Танго под палящим солнцем. Ее звали Лиза (сборник) - Арсеньева Елена - Страница 6


Перейти на страницу:
Изменить размер шрифта:

6

Тротуары чернели от шелковичных ягод, а одесские платаны, называемые также «бесстыдницами», раздевались особенно откровенно и то и дело с шумом и даже грохотом роняли обломки своей жесткой коры на тротуары, на головы прохожих и на автомобили, вызывая у их владельцев привычно-усталые и довольно философские восклицания. Алёна шла, куда-то сворачивая, по каким-то улицам поднимаясь, по каким-то — спускаясь, читая вывески, восхищаясь красотой названий (Военный спуск! Польский спуск! Лонжероновская улица! Греческая улица!), очень надолго зависла перед афишами Оперного театра (Опери та балету). Ей хотелось сходить на какой-нибудь спектакль, осталось только выбрать, будет это «Спляча красуня», «Лискунчик», «Князь Iгор» или «Бiлоснiжка та сiмь гномiв». Ну что ж… наверное, хохлы тоже валяются под какими-нибудь москальскими вывесками в судорогах смеха!

Наконец захотелось есть. Великолепное одесское мороженое не насыщало, а только вызывало желание съесть его как можно больше. Пора было направить стопы к Привозу. Алёна недолюбливала общепит, а потому решила купить домашней брынзы, помидоров, фруктов и поесть в гостинице. Она пошла по Пушкинской… здесь как-то особенно сильно свистели шины автомобилей по старой, изношенной мостовой. Можно представить, какой грохот стоял здесь в «ранешние времена», когда цокали копытами лошади и грохотали колесами извозчичьи пролетки! И где теперь те извозчики, те лошади и те пролетки? А мостовая — вот она.

Алёна шла и шла, пересекая улицы Греческую, Бунина, Жуковского, Еврейскую, Троицкую, Успенскую, Базарную, Большую Арнаутскую и Малую Арнаутскую, порой принимаясь озираться с восторженным выражением лица… но вот перед ней открылся Привоз, и она почти ошалела от этого феерического зрелища.

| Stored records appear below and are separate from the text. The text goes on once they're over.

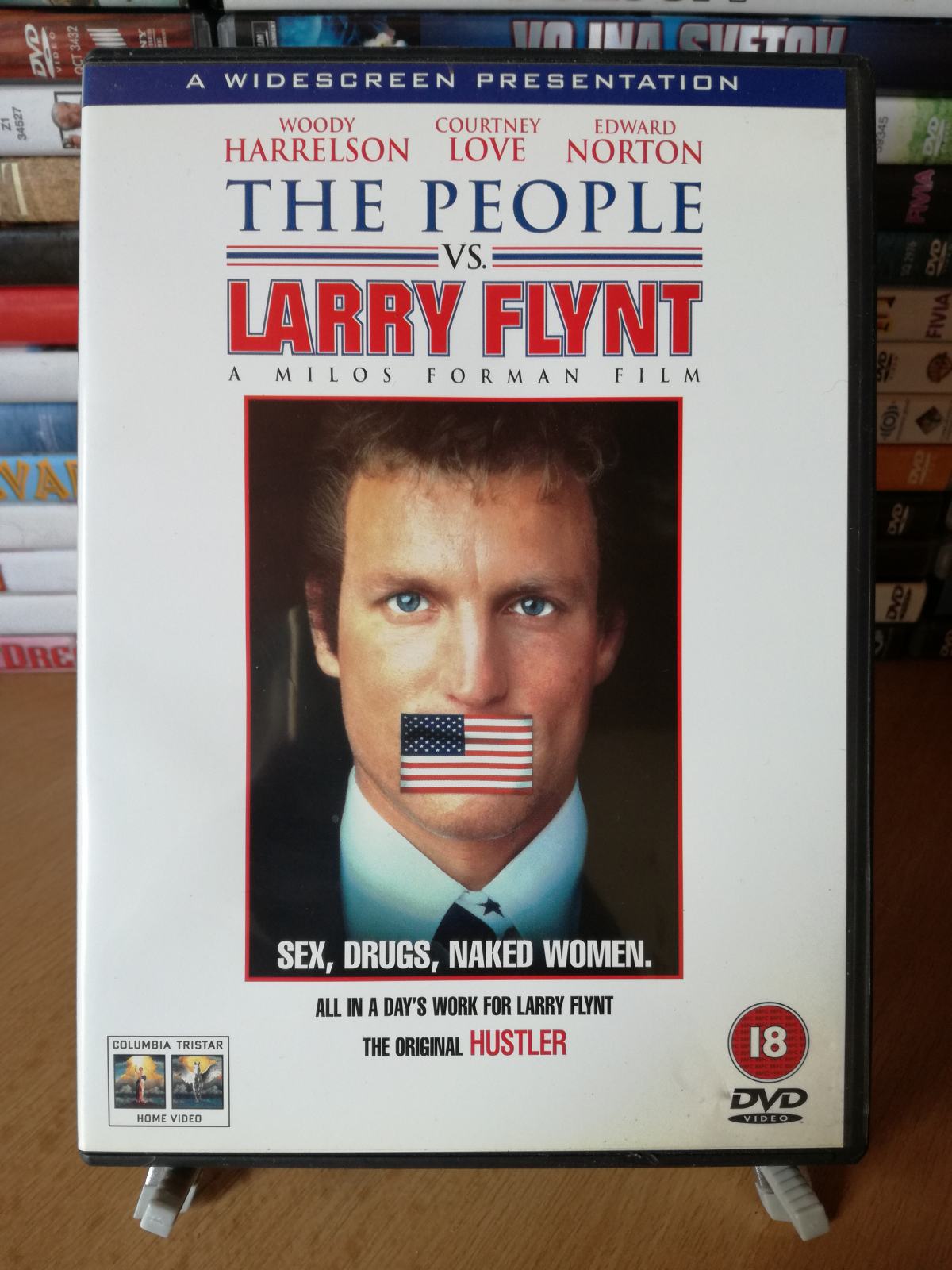 The People Vs. Larry Flynt - DVD main image 0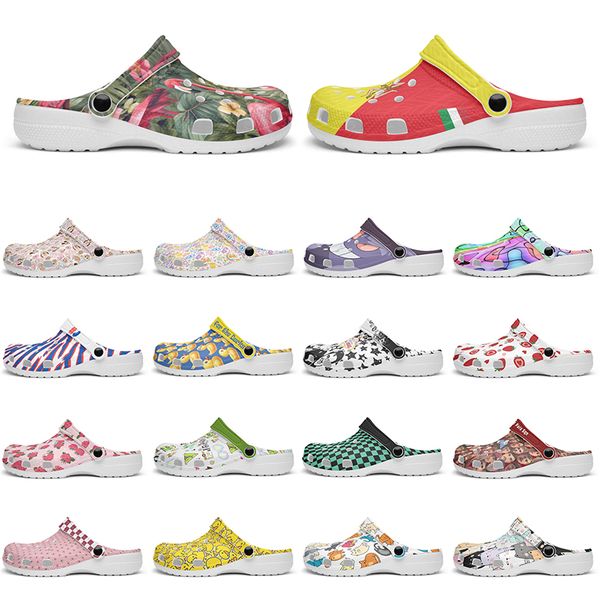 Customized clean exquisite fashion comfortable beautiful Diy shoes for men and women's indoor slippers 104722 
Customized clean exquisite fashion comfortable beautiful Diy shoes for men and women's indoor slippers 104722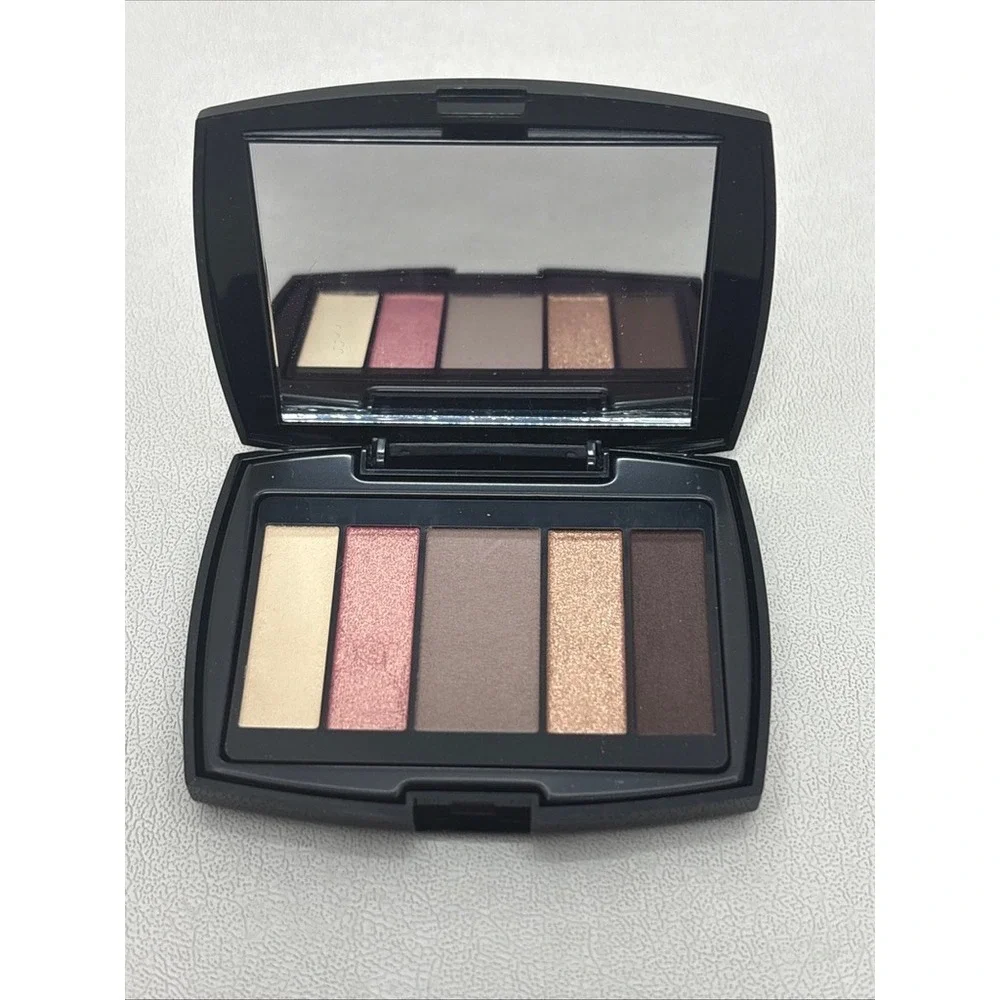 Lancome Color Design Palette Women 0.07oz Parisian Style NWOB Travel Eyeshadow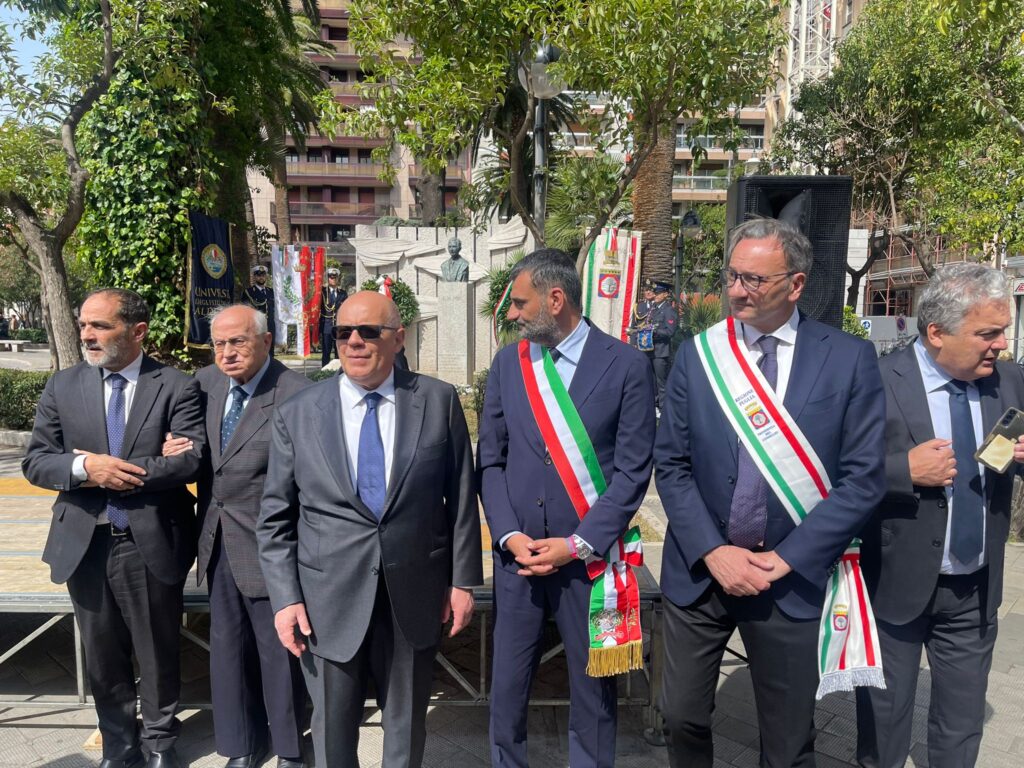QUESTA MATTINA LA COMMEMORAZIONE DI ALDO MORO aldo moro,commemorazione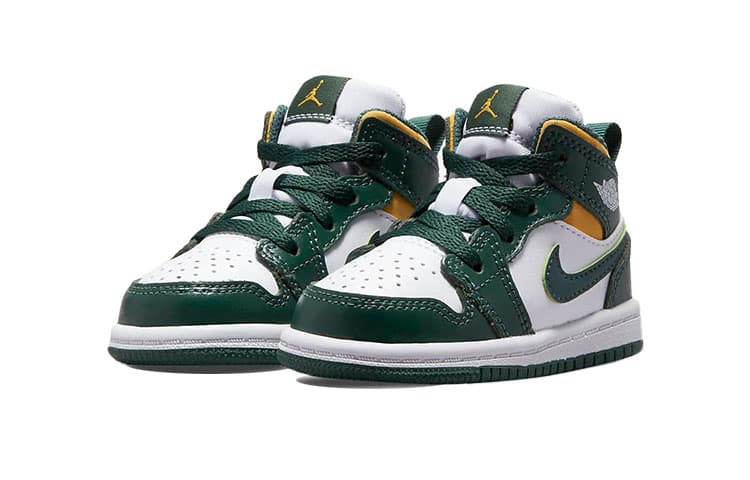 Кроссовки TD Air Jordan 1 Mid - изображение 3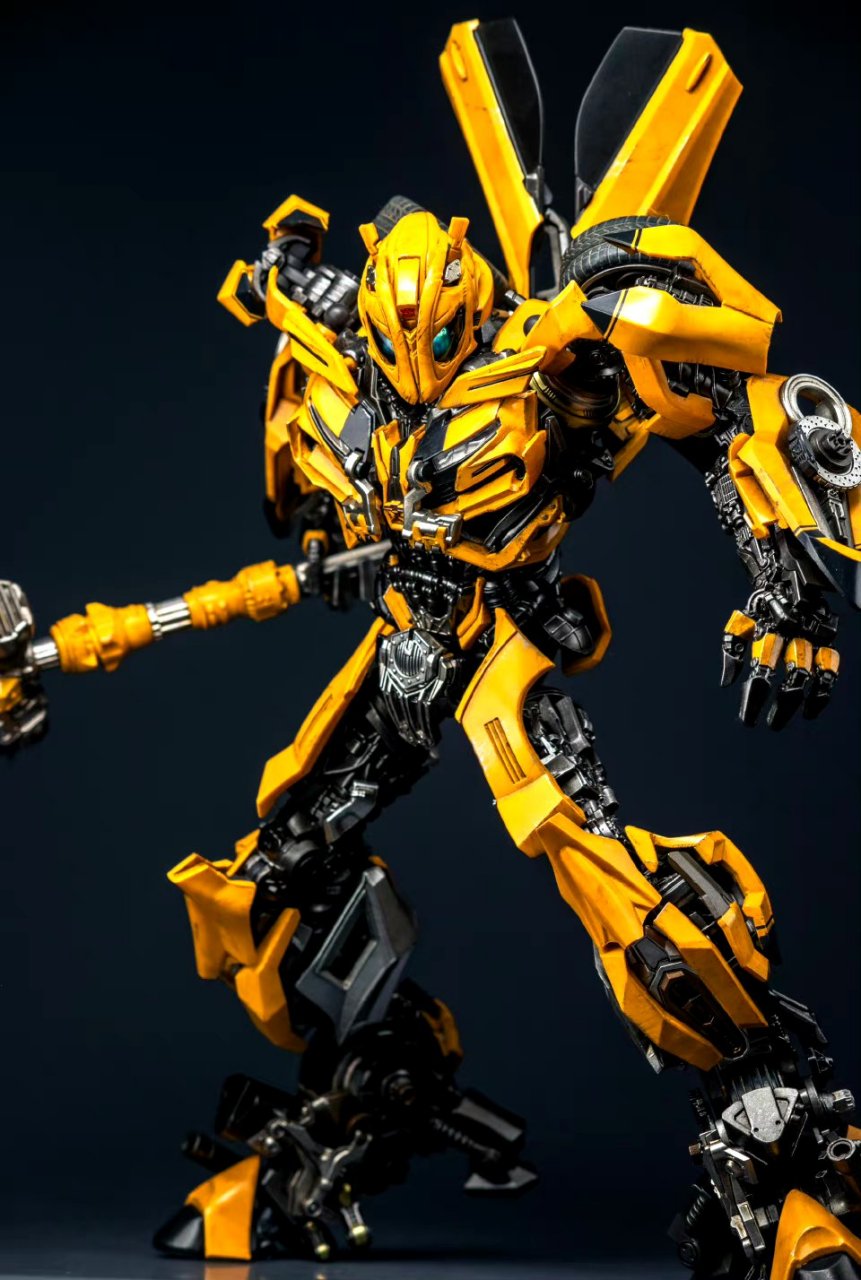 模型欣赏:threezero 《变形金刚5 最后的骑士》大黄蜂,by lam闻风.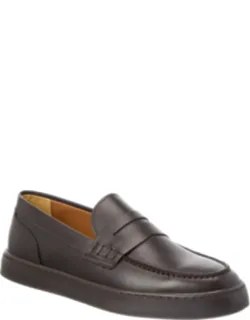 Magnifico Leather Slip-on Sneakers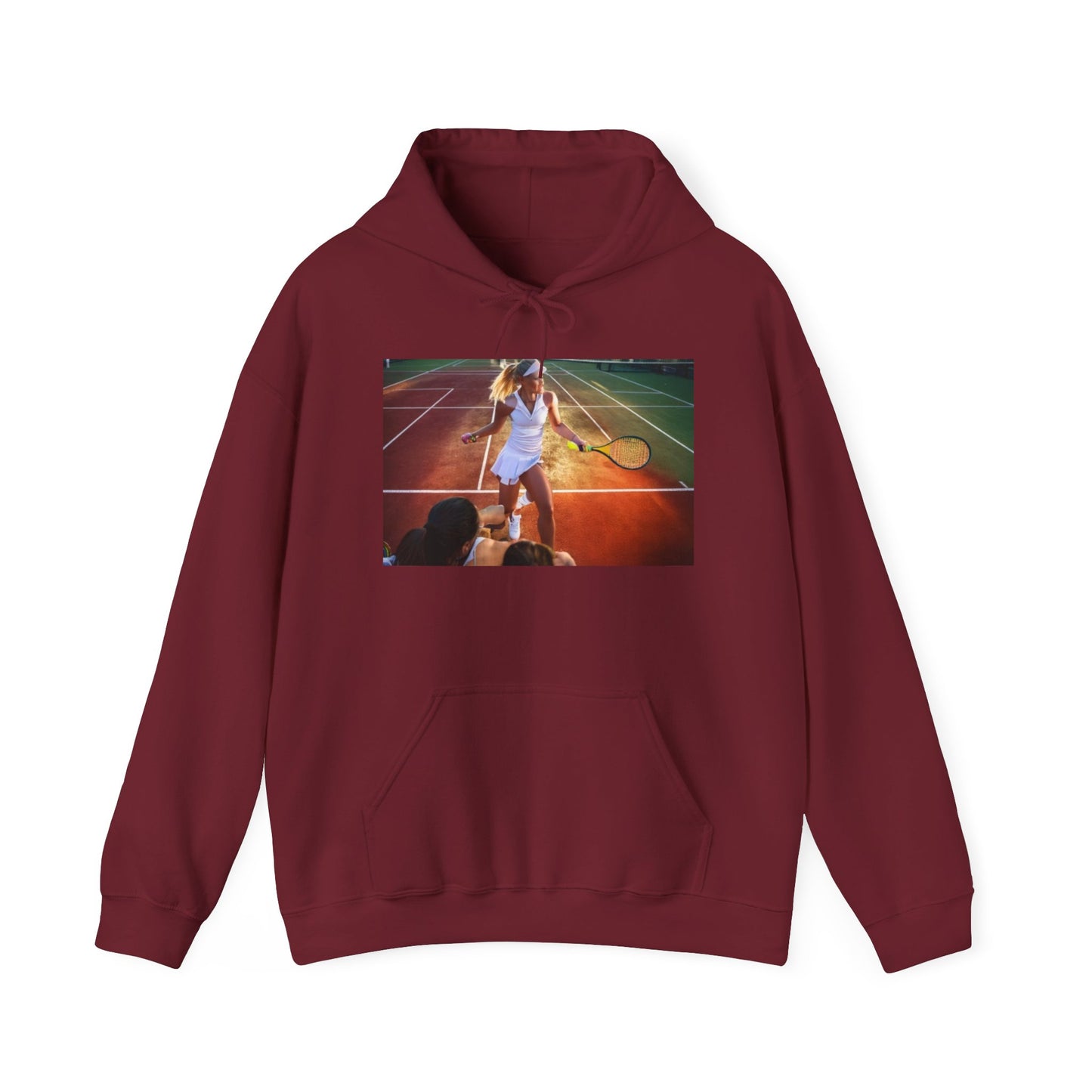 Tennis Unisex Hoodie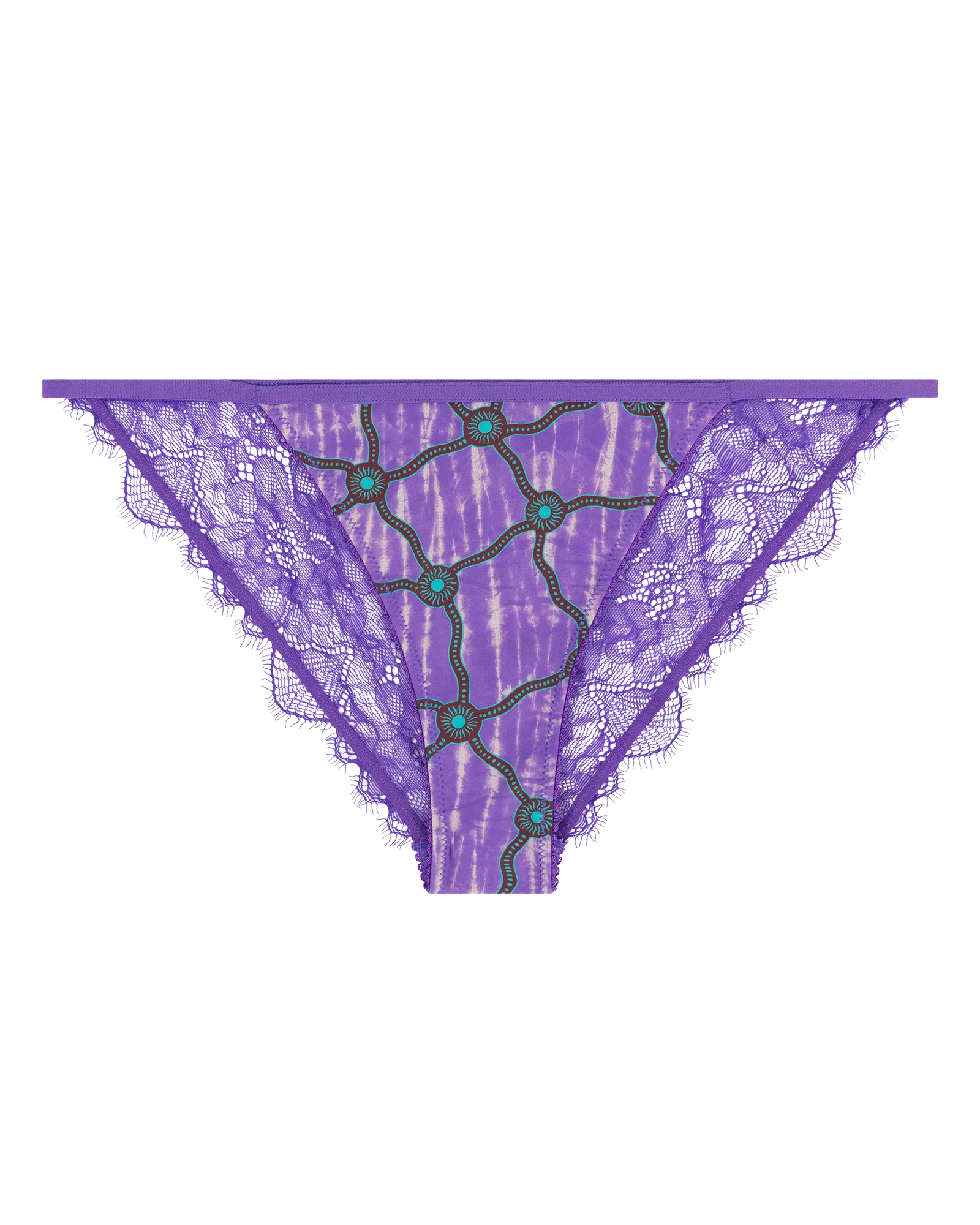Wild Rose Comfortable Lace Briefs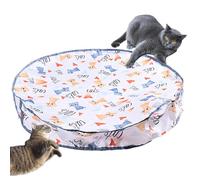 Cat Toy Ball that Rolls Quickly in the Bag, Hide Toy for Kittens - Cat Rolling Ball Catching Game, Interactive Kitten Toy, Simulated Interactive Hunting Cat Toy for Cats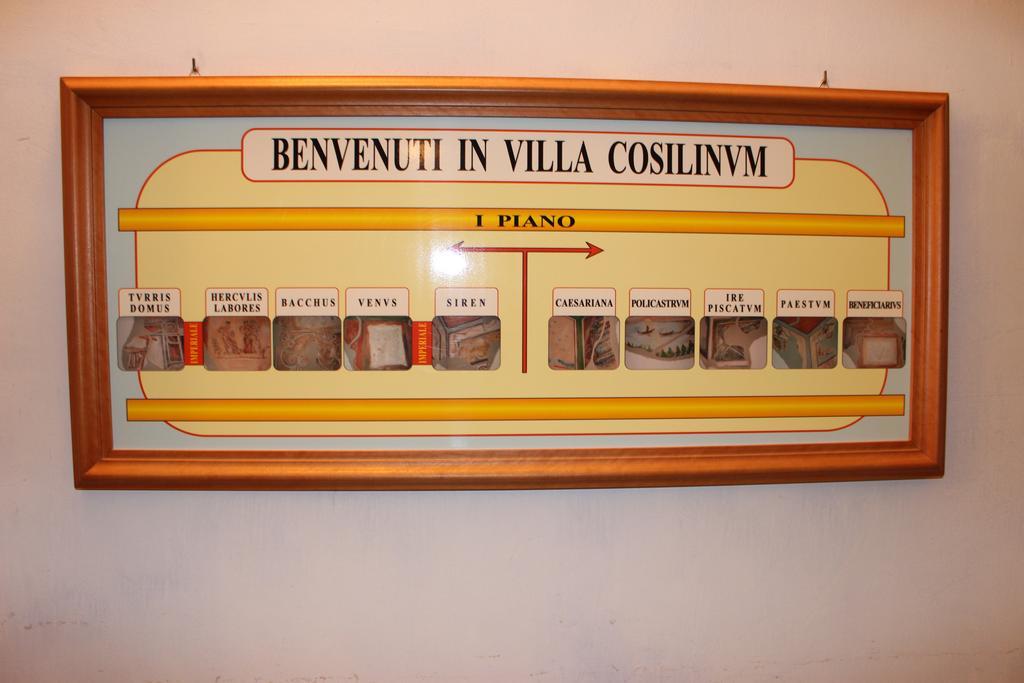 Villa Cosilinum Padula Εξωτερικό φωτογραφία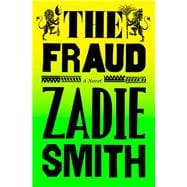 The Fraud A Novel book cover, ISBN 9780593792643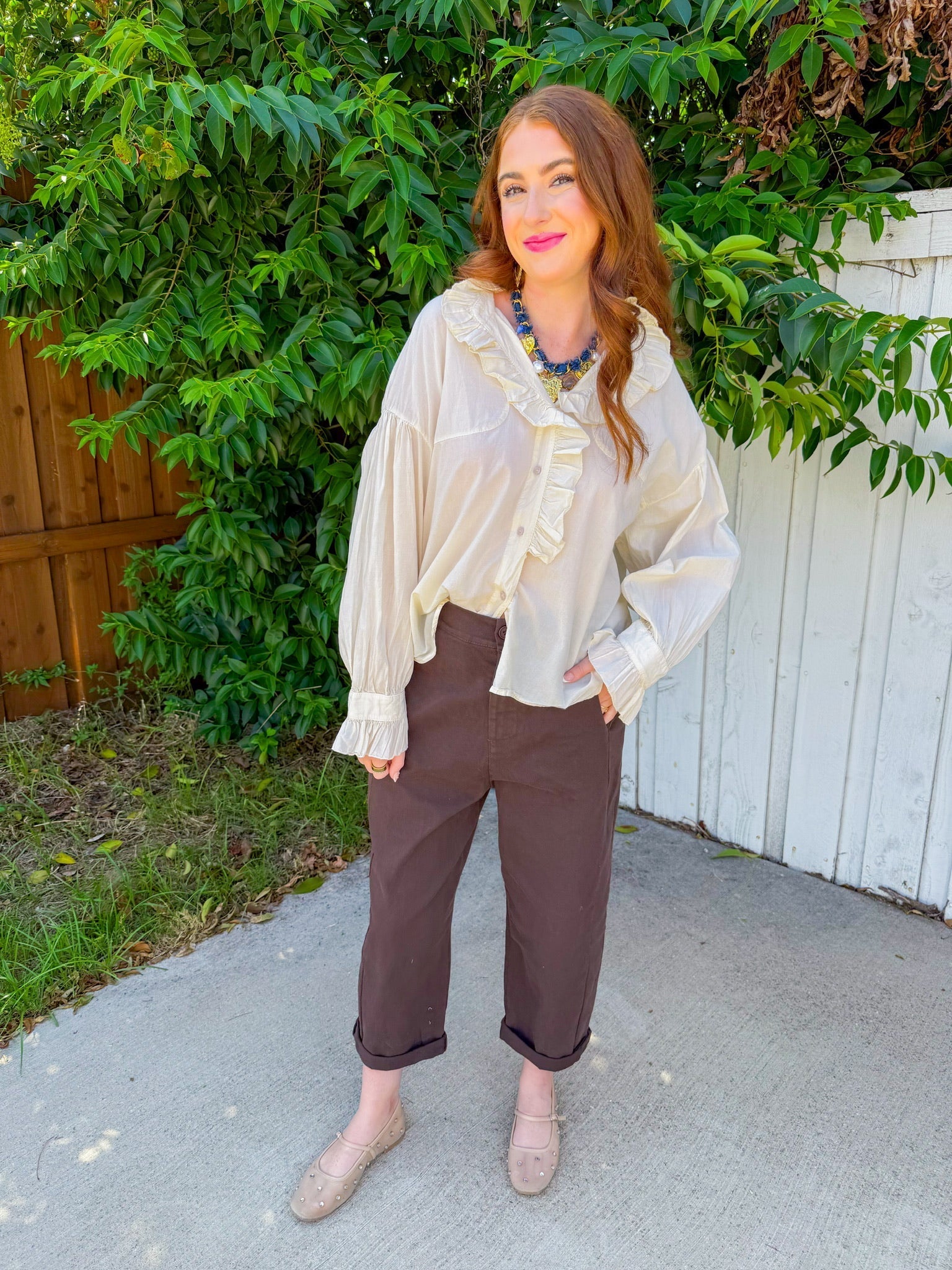 New Start Top - Cream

Создавалось впечатление, что Одесса решила накормить голодных всего мира, причем за никакие деньги. Сколько тут было всего! Глаза разбегались — это выражение на Привозе не казалось метафорическим, Алёна уже устала вертеть головой и пытаться их поймать и вернуть на место. А как тут говорили! Не то что на улицах, где звучала вполне обычная речь, по большей части русская, местами украинская. Сейчас Алёне казалось, что она попала в фильм «Ликвидация» — не в смысле гремящего выстрелами сюжета, а в смысле языкового антуража. Или в анекдот про одесситов!

Поскольку непременная принадлежность каждого уважающего себя писателя — записная книжка, где он должен фиксировать свои житейские наблюдения и всякие там мудрые мысли, если они, к примеру, вдруг вздумают прийти в голову, Алёна немедленно достала свой изрядно потрепанный блокнот, который уже обогатился нынче многочисленными одесскими перлами, ручку и, взяв ее на изготовку, приготовилась пополнить одесско-лингвистический запас.

Первый же подслушанный диалог мог бы удовлетворить самый придирчивый вкус.

— Сколько денег? — спрашивала дородная покупательница, с брезгливым выражением лица стоя над лотком с мелкой, темно-красной, пыльной клубникой. Сезон этой ягоды уже заканчивался, и при такой невзрачности годилась она только на варенье.

— Двадцать пять, — пробурчал продавец, огромный, атлетического сложения мужик с бычьим лбом, бритой головой и маленькими цепкими черными глазками.

Женщина иронически хмыкнула:

— Двадцать пять?! А чтоб купить?

— По двадцать, — неохотно пробурчал продавец.

— Это больно! — покачала головой покупательница.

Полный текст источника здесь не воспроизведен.